### Records for the exercise
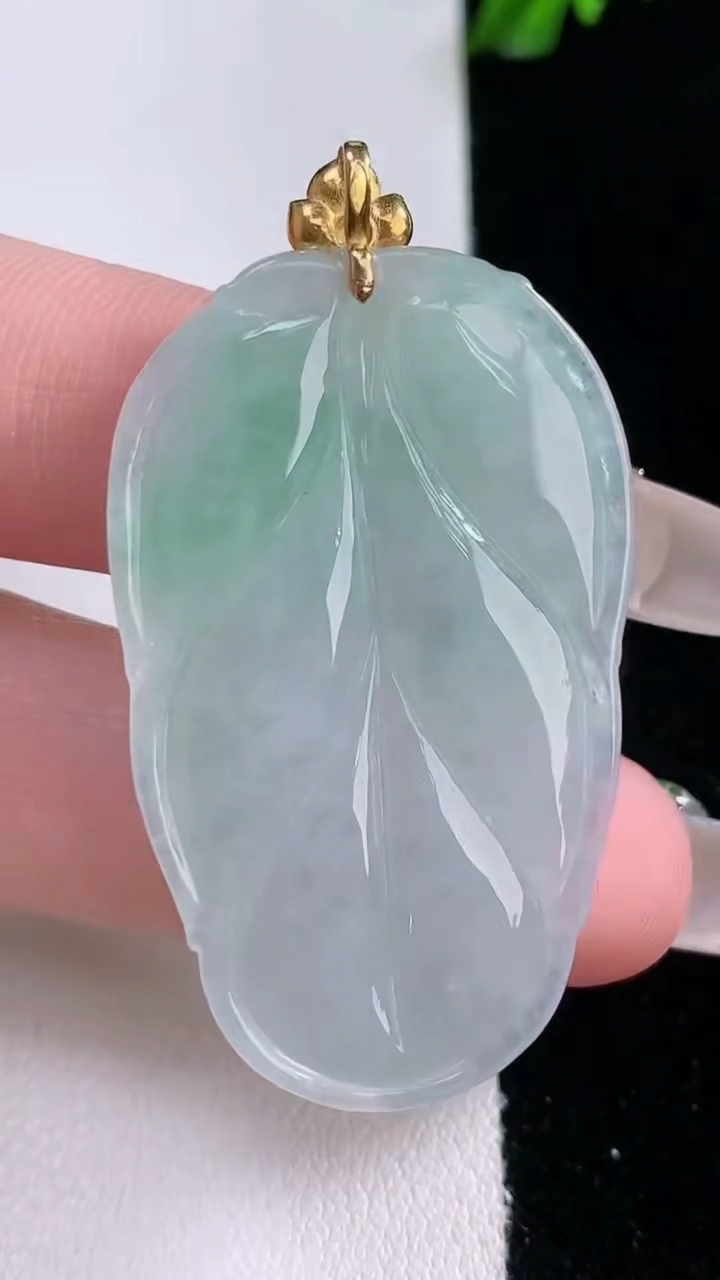 天然A货翡翠金枝玉叶 叶子吊坠，尺寸41.5-25.2-4.7，重量:11.23g
3月7日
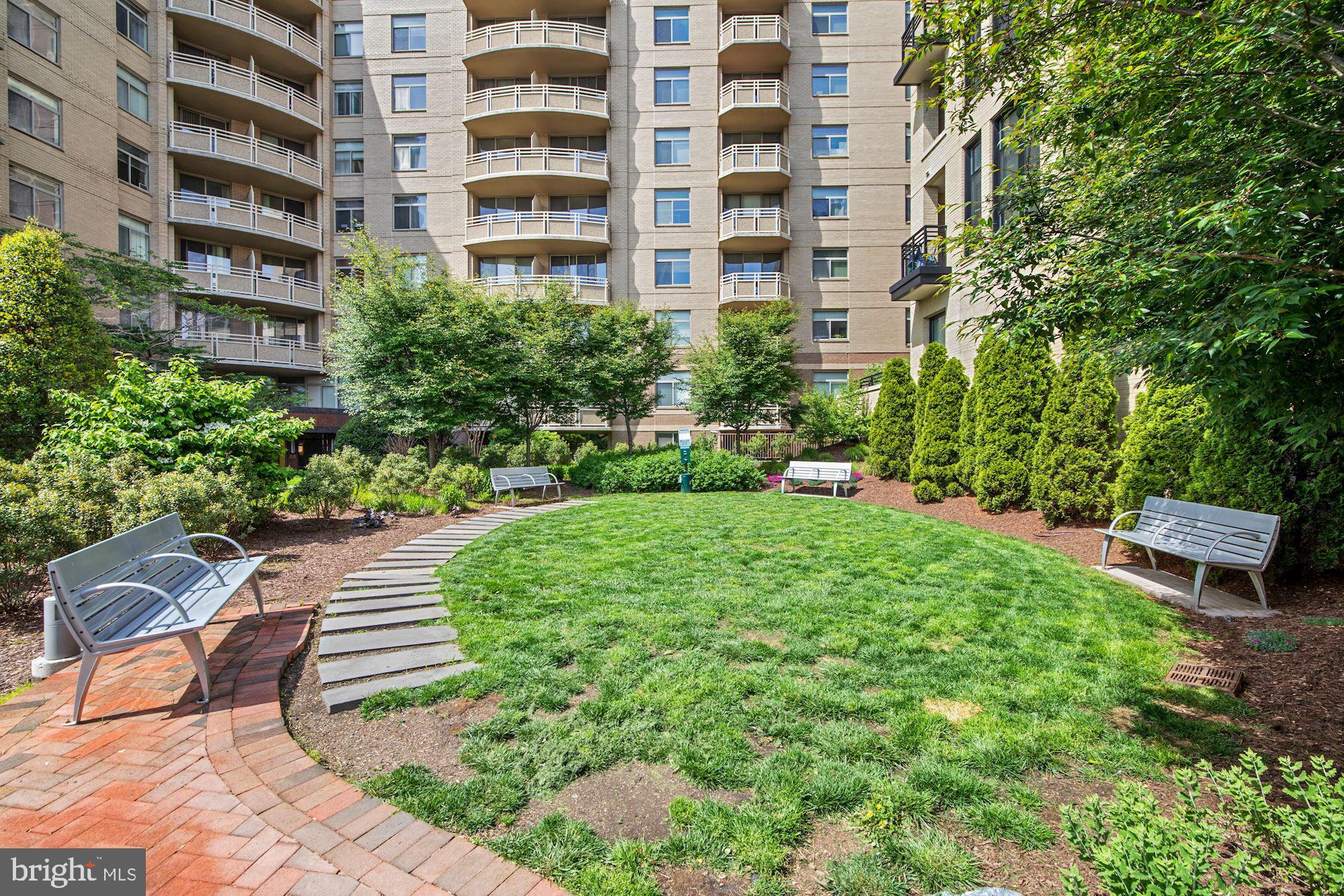 CRESCENT PLAZA - Residential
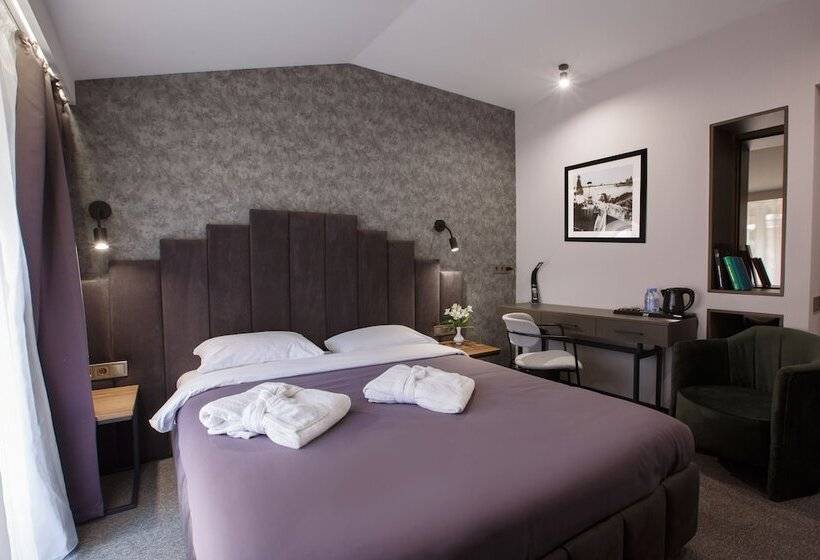 اتاق سوپریور, Kulikovskiy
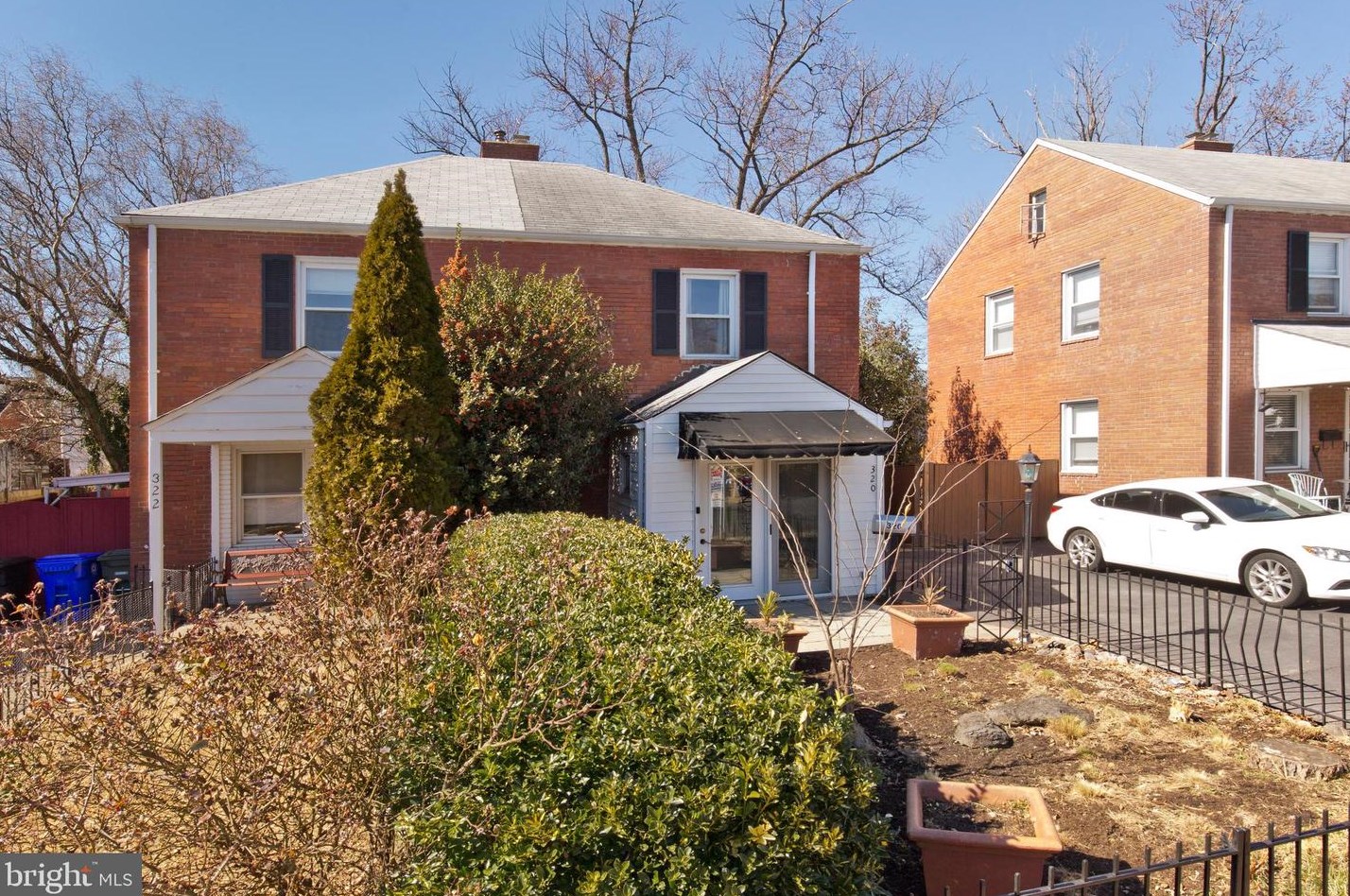 320 Veitch St, Arlington, VA 22204-2117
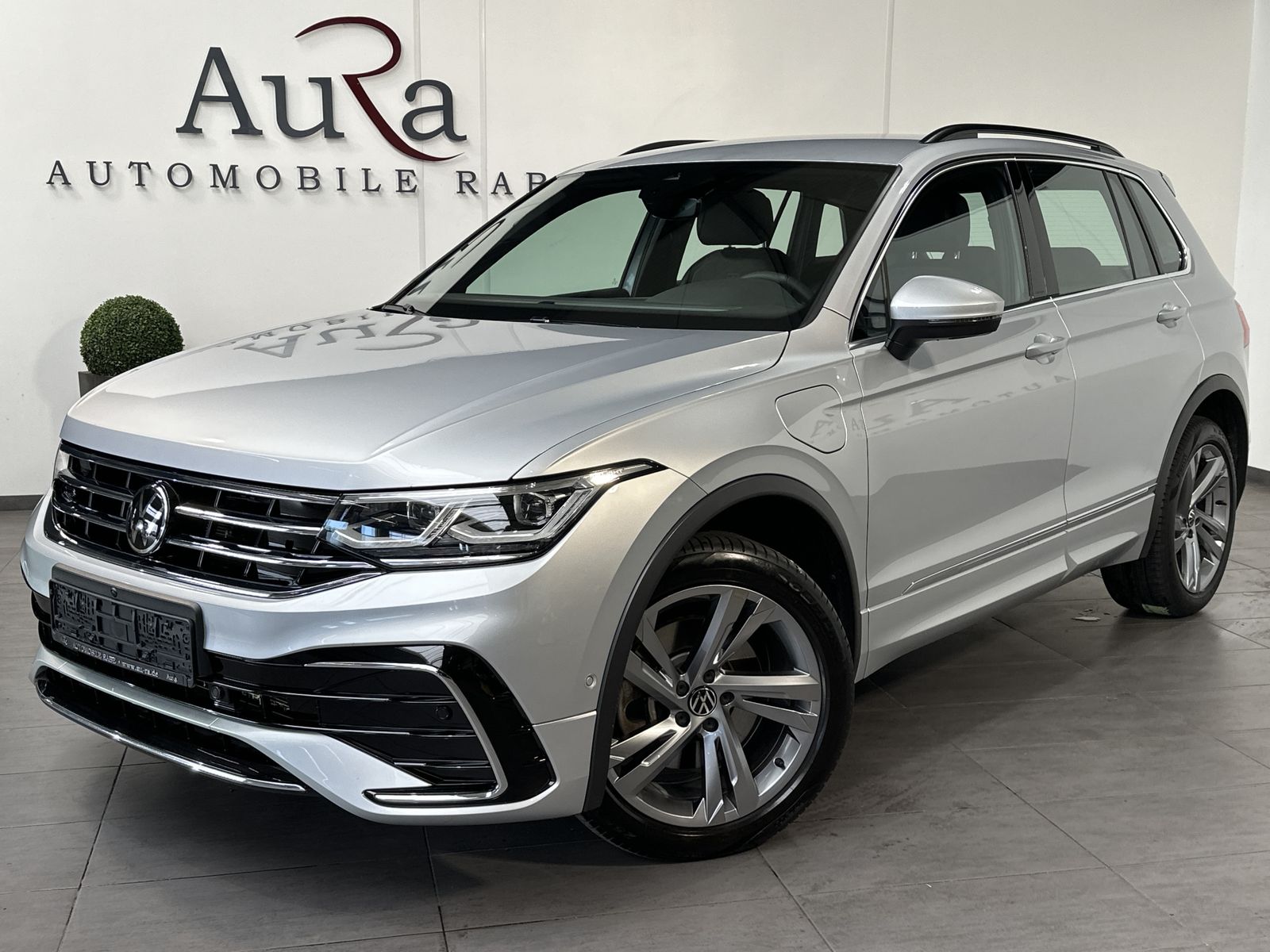 Fahrzeugabbildung Volkswagen Tiguan 1.4 TSI eHybrid R-Line NAV+MATRIX+360°+PP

### Work request
Please retype only the lines from the line that holds "320 Veitch St, Arlington, VA 22204-2117" through the end of the records, exactly as they stand, and drop every picture.

### Completed exercise
 320 Veitch St, Arlington, VA 22204-2117
 Fahrzeugabbildung Volkswagen Tiguan 1.4 TSI eHybrid R-Line NAV+MATRIX+360°+PP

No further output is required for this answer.